Selon Kant, l’Homme est naturellement muni du libre arbitre. En effet, le libre arbitre devrait être ici compris, non pas comme la faculté de choisir par hasard, sans raison déterminée ni connaissance de cause. Au contraire, le libre arbitre est ici le synonyme de la volonté, tel que Descartes le prescrit dans les Méditations métaphysiques : « Poursuivre ou fuir les choses que l’entendement nous propose, nous agissons en telle sorte que nous ne sentons point qu’aucune force extérieure nous y contraigne ». Dans la même foulée, l’homme devrait user de sa volonté pour choisir d’accomplir ou non son devoir. De ce fait, le devoir remplit une double fonction. D’un côté, il aide l’homme à prendre conscience de sa liberté (il a le pouvoir de choisir entre performer ou non son devoir). D’un autre côté, le devoir le met face à sa morale (il permet de se confronter au choix entre le bien et le mal).
Il ne peut y avoir de devoir sans liberté : un devoir moral n’a de sens que si l’homme a le choix de refuser de s’y plier.
III. Le devoir transcende la liberté
Selon Durkheim, le devoir est dicté par des facteurs externes comme la société ou l’éducation.

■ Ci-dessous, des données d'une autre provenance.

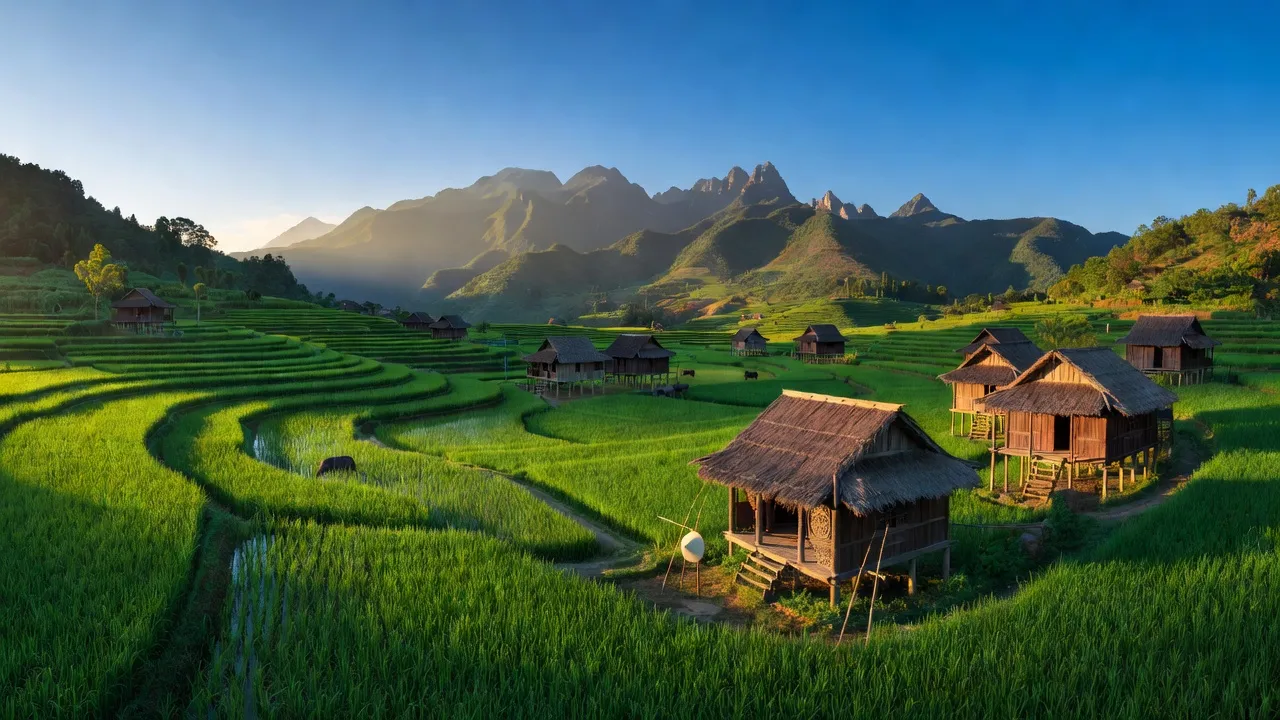 Cảnh đẹp nông thôn xã Cự Đồng huyện Thanh Sơn, tỉnh Phú Thọ, với núi non và cánh đồng xanh.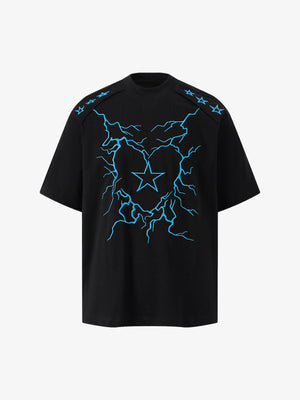 Heavy Embroidery Lightning Heart Print T-shirt 
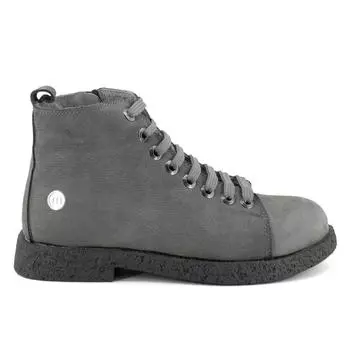 Модные женские серые ботинки и ботильоны из нубука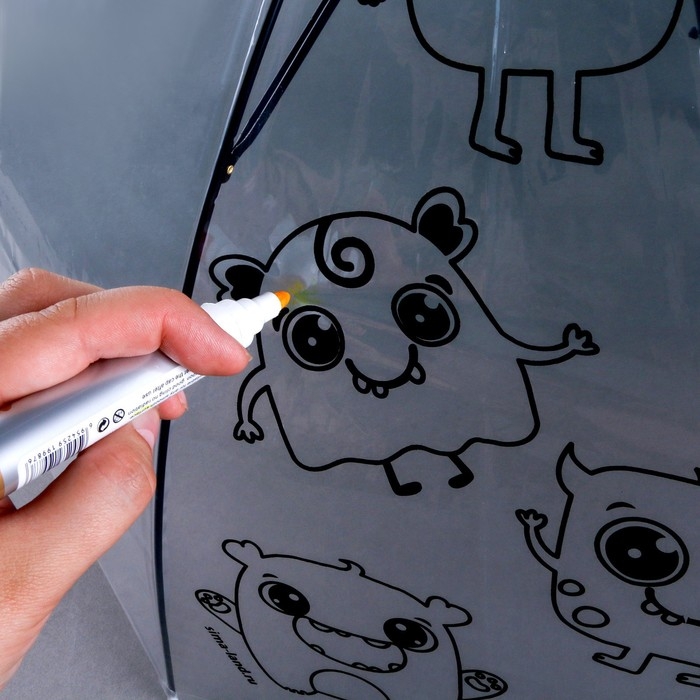 Зонт раскраска &laquo;Монстрики&raquo; + маркеры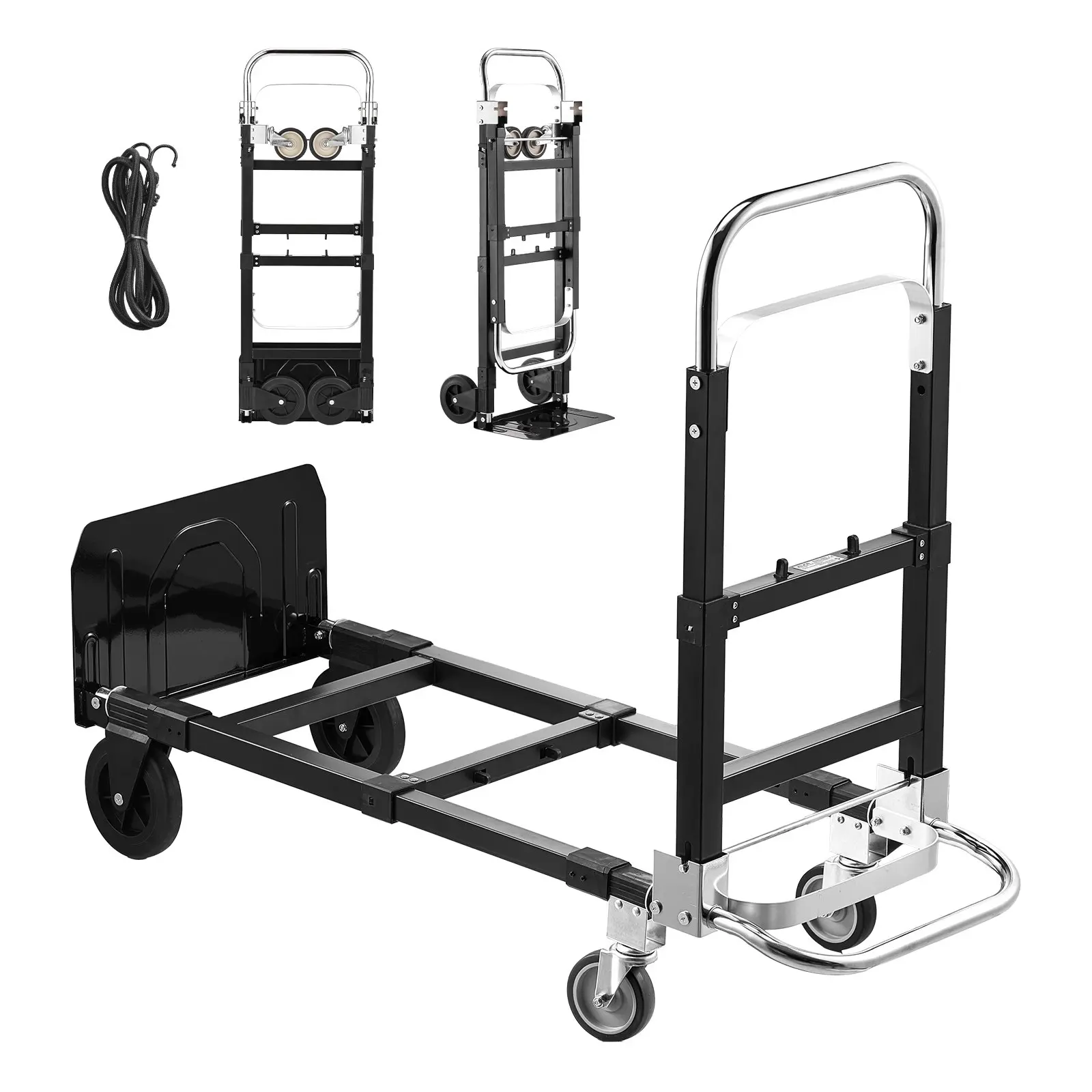 VEVOR 2-in-1 Folding Dolly, 500lb Load Capacity 4-Wheel Convertible Mode Hand Truck, Adjustable Handle Portable Trolley for Home, Office Use, Multi-Use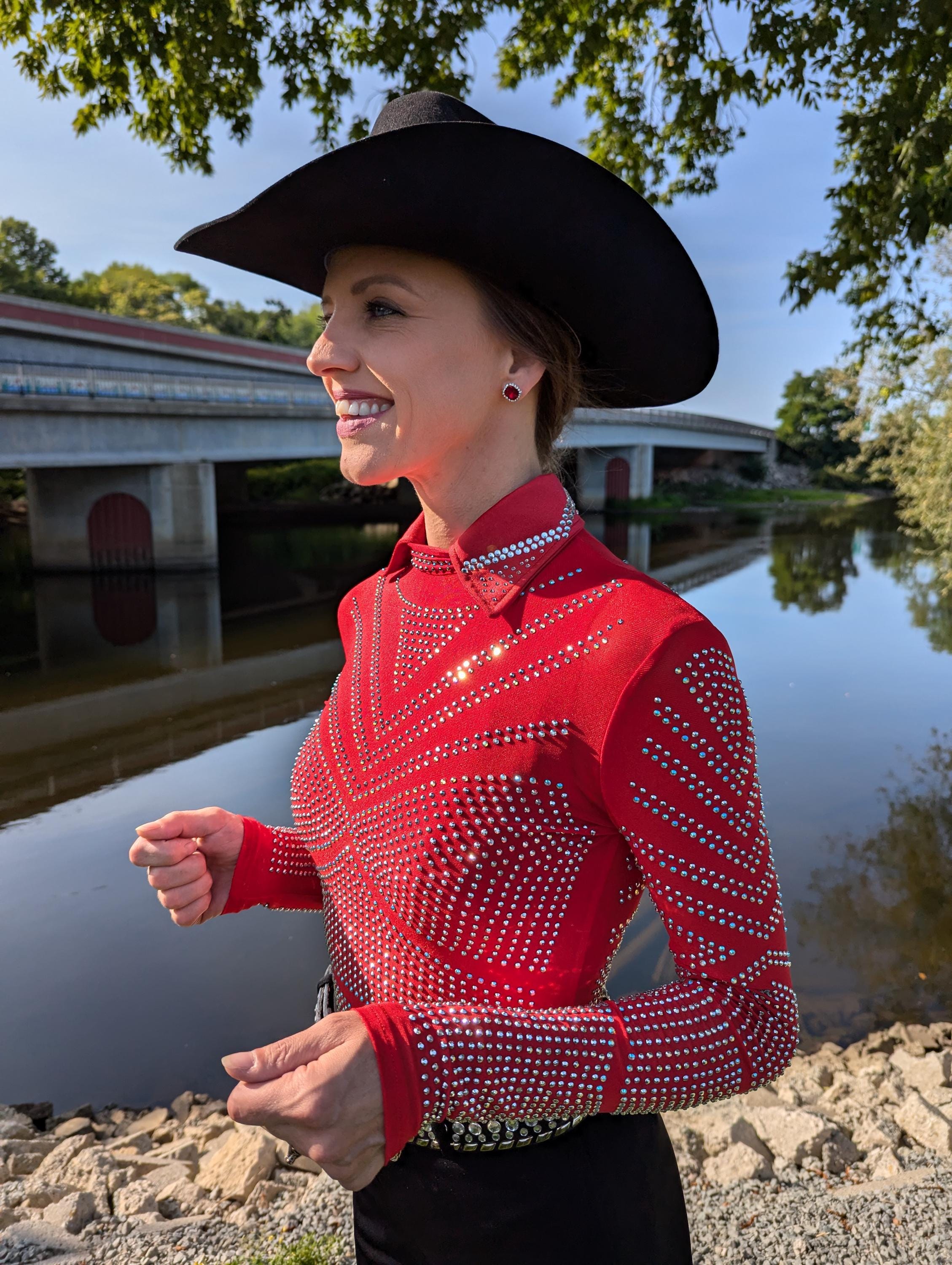 Ruby Red Rhinestone Western Show Bodysuit – Women's Rodeo Outfit - Etsy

L’homme n’a pas son mot à dire sur le contenu du devoir, ni même du bien fondé de celui-ci. En ce sens, le devoir représente une obligation qui retire à l’homme sa liberté d’agir comme bon lui semble. Il s’agit de l’Hétéronomie : le phénomène qui destine l’homme à subir ses devoirs. D’un autre côté, le principe d’ « autonomie » incite l’homme à s’interroger, puis à comprendre l’essence même de son devoir. Ce faisant, il réalise de lui-même la nécessité de s’en acquitter en vue de veiller au bien commun. Dans cette optique, le devoir ne relève plus d’une simple obligation. L’individu comprend la valeur du devoir. Il reconnait le devoir et accepte pleinement, de son plein gré de s’y plier.

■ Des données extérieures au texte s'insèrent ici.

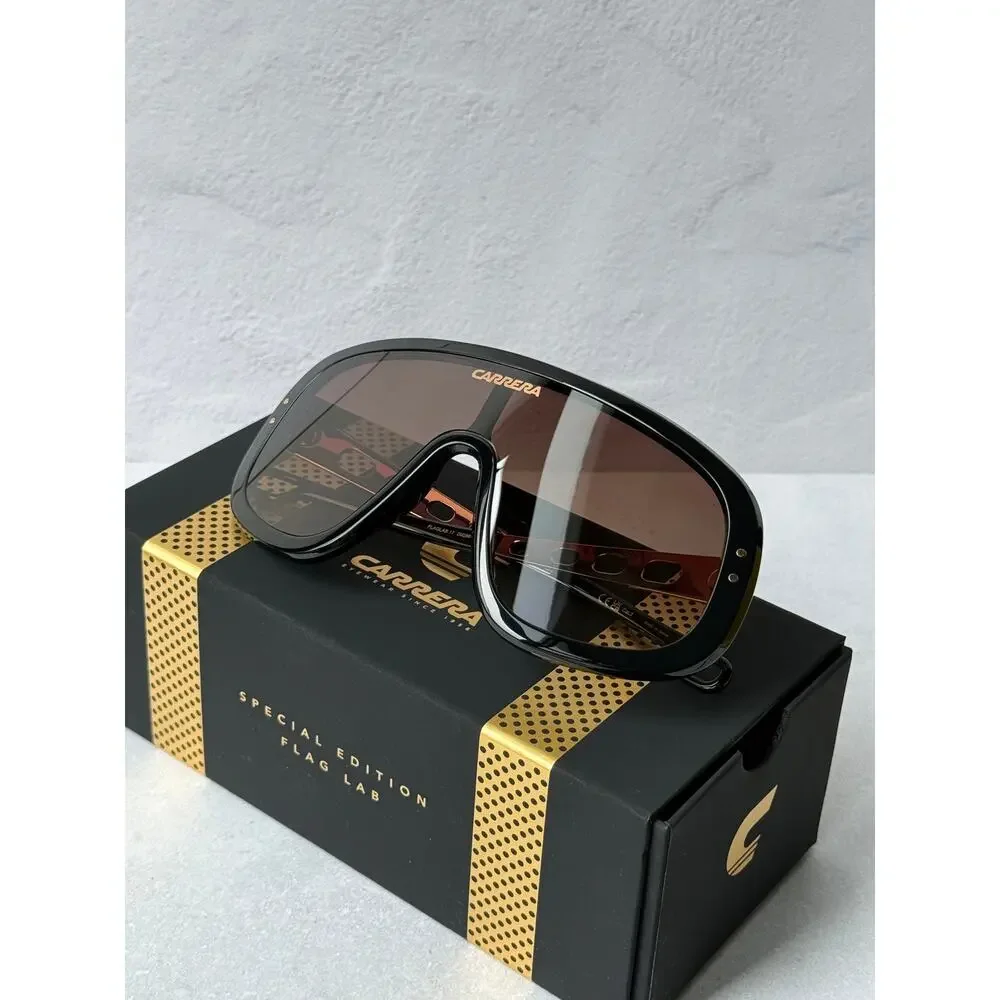 Carrera Flaglab 17 Oversized Mask Sunglasses in Black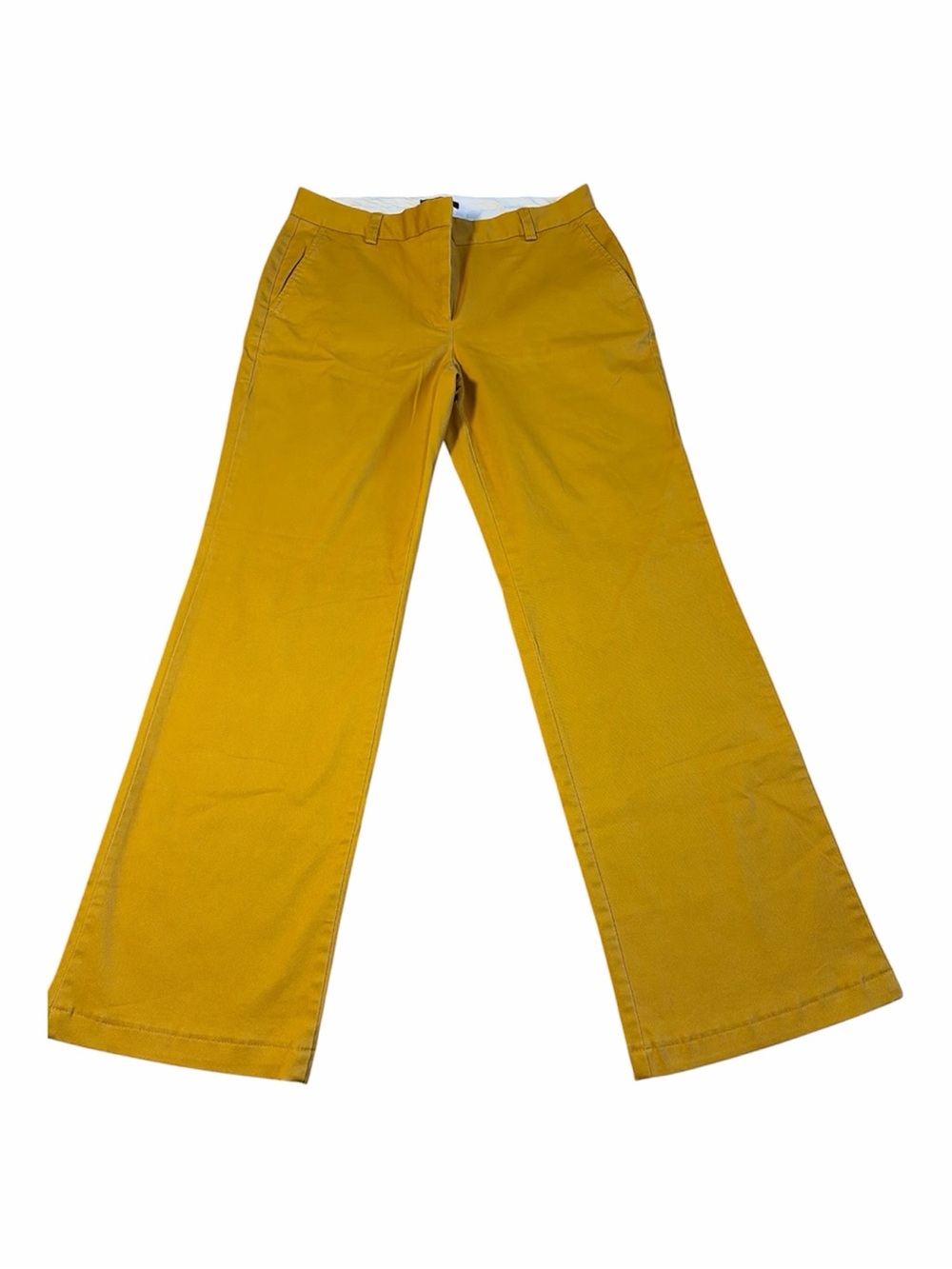 Lands’ End Fit 2 Mustard Yellow Wide Leg Chino Pants Women’s Size 8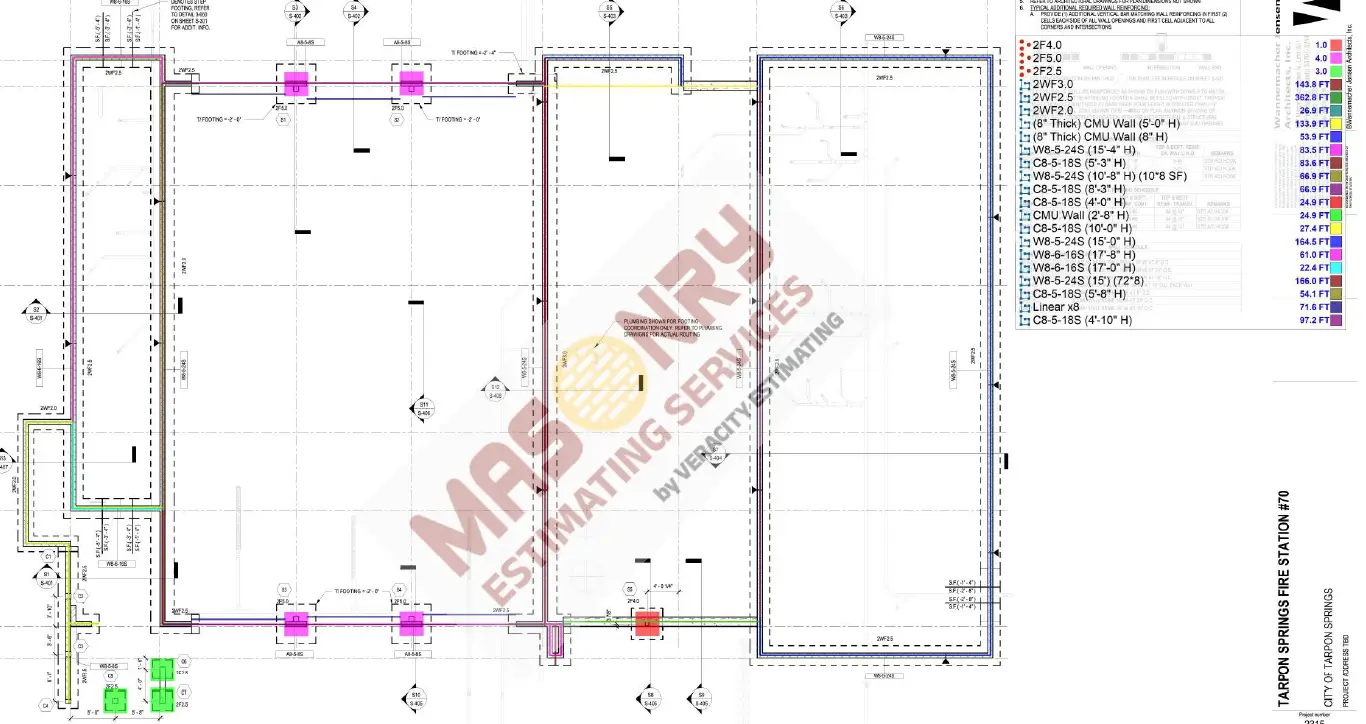 masonry takeoff annotated drawings 2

Concrètement, si un parent élève son enfant parce qu’il est communément admis que c’est son devoir, il s’agit d’hétéronomie. Par contre, s’il comprend que son enfant a besoin qu’il l’élève, et pourquoi il en a besoin, il s’agit d’autonomie. Dans les deux cas, porté par son sens moral, il fait son devoir. Face à la nature abstraite de la notion de liberté, mais aussi par la nature changeante des circonstances, on ne peut pas trancher définitivement si l’homme agit en toute liberté ou par conscience dans ses devoirs. Mais dès lors qu’il a conçu le sens même du devoir, il devrait agir par liberté. C’est d’ailleurs dans cette optique que la liberté peut également retrouver toute sa valeur, comme le disait Spinoza : « Je dis que cette chose est libre qui existe et qui agit par la seule nécessité de sa nature, et contrainte cette chose qui est déterminée par une autre à exister et à agir selon une modalité précise et déterminée ».
Théoriquement, il n’y aurait pas lieu de définir un acte comme relevant du devoir si chacun pouvait s’y soustraire comme chacun l’entend. Le devoir implique une soumission à la loi intérieure qu’est la morale. Mais en parlant de soumission, nul ne voudrait placer son être sous une autre autorité que par un acte de liberté. Si le devoir part d’une hétéronomie, c’est-à-dire un acte automatique, non raisonné qui entrave la liberté individuelle, comprendre l’essence du devoir permet de passer outre le sentiment de contrainte. En effet, reconnaitre ses devoirs conduit l’homme à accepter de manière réfléchie, et en toute liberté à agir conformément à la morale. Ainsi, à la notion de « liberté » conventionnelle s’ajoute un autre sens : le désir de comprendre le fondement rationnel qui se cache derrière un acte ou une décision.